CONTES DE LA VIE QUOTIDIENNE | FERMER |
Dans Blow-up, Michelangelo Antonioni met en scène un photographe, seul, en quête de vérité. Par agrandissements successifs d’une même photo, il cherche avec acharnement le détail qui doit prouver que crime a été commis. Mais plus il agrandit, plus il rentre dans l’image, plus il approche le détail révélateur et plus celui-ci s’estompe dans le grain du papier et plus la réalité se dissout dans le monde imaginaire du photographe.
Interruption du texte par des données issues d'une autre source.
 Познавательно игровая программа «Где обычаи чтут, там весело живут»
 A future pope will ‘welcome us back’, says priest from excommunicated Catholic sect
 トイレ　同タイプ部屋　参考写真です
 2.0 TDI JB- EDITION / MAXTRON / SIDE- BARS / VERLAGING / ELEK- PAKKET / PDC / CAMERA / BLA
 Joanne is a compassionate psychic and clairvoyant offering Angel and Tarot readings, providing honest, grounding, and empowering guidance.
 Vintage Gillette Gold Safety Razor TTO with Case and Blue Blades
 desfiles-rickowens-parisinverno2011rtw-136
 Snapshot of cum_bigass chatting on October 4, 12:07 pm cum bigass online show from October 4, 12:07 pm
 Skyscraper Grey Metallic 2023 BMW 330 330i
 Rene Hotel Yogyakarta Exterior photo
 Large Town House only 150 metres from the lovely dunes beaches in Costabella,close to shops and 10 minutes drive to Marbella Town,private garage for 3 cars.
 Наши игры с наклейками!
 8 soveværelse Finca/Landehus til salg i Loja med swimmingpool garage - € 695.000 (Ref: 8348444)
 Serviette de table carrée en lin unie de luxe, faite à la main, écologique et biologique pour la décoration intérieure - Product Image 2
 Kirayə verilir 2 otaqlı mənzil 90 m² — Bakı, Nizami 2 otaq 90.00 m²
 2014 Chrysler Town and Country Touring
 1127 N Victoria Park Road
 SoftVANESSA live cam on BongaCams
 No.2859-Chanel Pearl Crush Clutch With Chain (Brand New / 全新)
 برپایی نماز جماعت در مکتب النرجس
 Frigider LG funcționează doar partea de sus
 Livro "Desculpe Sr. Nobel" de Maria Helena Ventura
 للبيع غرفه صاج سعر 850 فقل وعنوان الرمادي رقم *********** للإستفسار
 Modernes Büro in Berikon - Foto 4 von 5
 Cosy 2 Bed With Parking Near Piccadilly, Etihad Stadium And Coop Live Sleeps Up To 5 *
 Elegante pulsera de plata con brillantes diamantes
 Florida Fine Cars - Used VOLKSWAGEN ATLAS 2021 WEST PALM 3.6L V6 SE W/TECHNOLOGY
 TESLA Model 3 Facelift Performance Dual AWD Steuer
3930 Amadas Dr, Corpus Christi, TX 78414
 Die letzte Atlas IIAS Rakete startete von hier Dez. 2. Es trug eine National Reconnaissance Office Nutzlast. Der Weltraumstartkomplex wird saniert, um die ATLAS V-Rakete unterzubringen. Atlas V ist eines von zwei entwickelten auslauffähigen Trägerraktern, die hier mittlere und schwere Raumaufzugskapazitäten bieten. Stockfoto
Dans ce livre, la démarche de l’agence Interfoto est exactement inverse. Les photos publiées ici sont extraites d’un stock de plusieurs dizaines de milliers de négatifs qu’Interfoto a accumulé tout au long de ses années d’activité : elles existaient avant même que l’idée de ce livre ne naisse. La très grande majorité d’entre elles sont reproduites sans avoir subi de recadrage, conformément à la prise de vue 24/36, comme en témoigne le filet noir qui les entoure, limite de la partie de pellicule exposée à la lumière.
Par un travail de création collectif, chaque image a été mise en relation avec d’autres pour former des séries, des « contes ». Les photos restent anonymes, car leur valeur intrinsèque est dépassée par celle qu’elles acquièrent dans leur relation aux autres. Et c’est précisément à travers ce procédé de narration collectif, sorte de cinéma immobile, que différentes facettes de la réalité apparaissent. Réalité crue de notre monde urbain de tous les jours : monde néfaste à l’homme et à son environnement, mais aussi monde de refus, de lutte et, pourquoi pas, de sourire. L’illusion du bien-être généralisé en Suisse s’effrite sous le regard critique d’Interfoto.
Mais ces « contes » ne sont qu’un des regards possibles sur notre vie quotidienne et chacun d’entre nous, lecteur, peut en construire d’autres en assemblant autrement, dans sa tête, les 80 images de ce livre.